En los esporádicos espacios que dejan libres las casas de adobe y rejas –maravillas del siglo XVIII, techadas a dos aguas con tejas musleras–, los tamariscos tapizan las lomadas de Carmen de Patagones y ocultan cuevas maragatas. Desde Viedma, en la orilla de enfrente, la antesala de la Patagonia se redescubre con una panorámica conmovedora: detrás del muelle, la imponente figura de la iglesia de 1885 y sus dos torres empequeñecen el puñado de casas y arboledas.
Las calles gastadas del extremo sur de la provincia de Buenos Aires, perfumadas por ramilletes de jarilla, bajan como toboganes sobre la costa.

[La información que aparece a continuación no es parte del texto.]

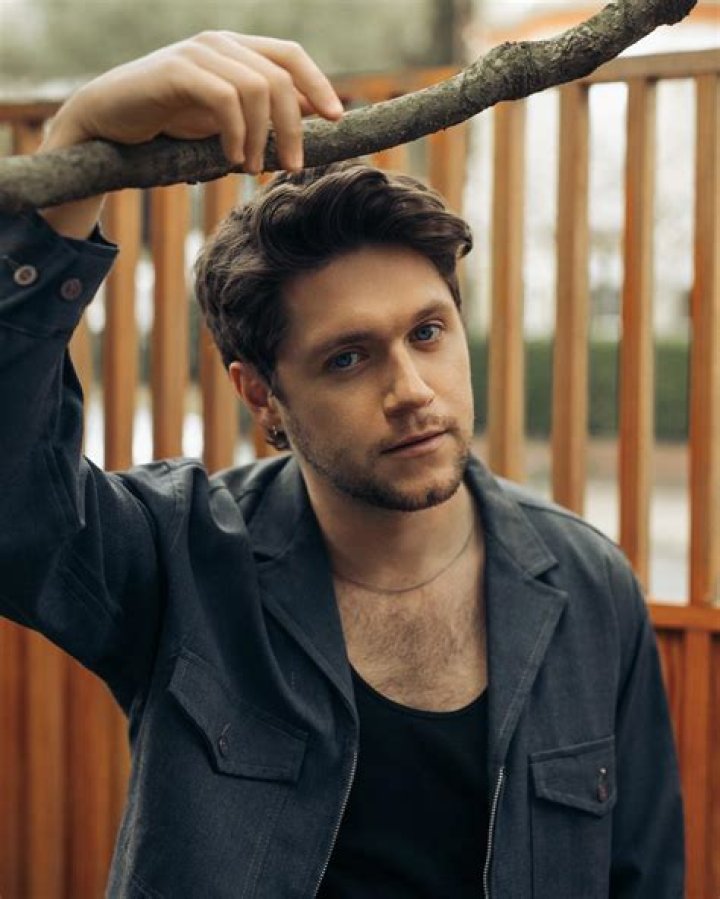 Unraveling The Multifaceted Role Of Niall Horan's Brother: Discoveries And Insights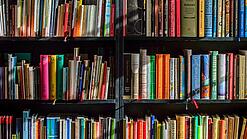 Ein Regal mit Schulbüchern.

La vista, clavada en el río Negro y el paseo ribereño, incorpora lentamente las siluetas de las construcciones antiguas, escalonadas sobre la barranca.
Las misteriosas cuevas que resultaron cálidos refugios hace más de dos siglos, reviven un hito fundacional. En 1779, el pionero andaluz Francisco de Viedma y Narváez erigió un precario fuerte sobre el terreno castigado a sol y sombra por el viento y facilitó la radicación de agricultores y artesanos de la Maragatería, en la provincia de León.
Los adelantados españoles desembarcaron seducidos por la promesa de tierras, que por aquí las había de sobra. También les habían anunciado un porvenir con viviendas dignas, pero no las encontraron en todo el horizonte desolado y tuvieron que acomodarse en cuevas de arenisca sedimentada, que cavaron a mano en los acantilados de la ribera.
La caminata desde el muelle conduce hasta dos vestigios de esas cavernas tiznadas por las fogatas. Una de aquellas casas informales es resguardada en el Museo Histórico Regional –sobre el paseo costero– y el restante conserva apenas la boca de entrada, casi clausurada por la vegetación, un par de cuadras más arriba, por la calle Brown.
Mientras se descorre la bruma de la madrugada, el tráfico silencioso de botes, lanchas, barcazas y canoas se cruza en el río planchado con patos, gallaretas, cisnes y esporádicas nutrias y toninas, que el mar empuja desde la desembocadura, 28 km al sur. Frente a ese espectáculo cotidiano, los maragatos se asoman desde playas de arena, senderos, farolas y bancos reverdecidos por los sauces.
La urbanización pujante que sorprendió a Roberto Arlt en 1934 dejó de crecer por culpa de una barrera de arena, que impedía navegar cada vez que el río bajaba. Desde que en 1943 el Patagonia fue el último barco que consiguió zarpar, el muelle admitió sólo pequeñas barcazas y se transformó en cómoda plataforma para los pescadores de cazón.
En el Casco Histórico, el circuito a pie concibe otras paradas impostergables: pasaje San José de Mayo –que demanda cierto esfuerzo para trepar una escalinata–, los ranchos Rial y La Carlota, la Casa de la Cultura y la Torre del Fuerte, atalaya y campanario de la primitiva fortificación. Más lejos, los pobladores de Patagones y sus vecinos afincados en Viedma mantienen el saludable hábito de encontrarse sobre el cerro La Caballada. Ese páramo sosegado fue el escenario de una batalla, que en 1827 la incipiente población local libró contra la flota del Imperio de Brasil. Desde allí arriba, las dos mitades de esta comarca, atravesada de punta a punta por el río Negro, se aprecian mejor.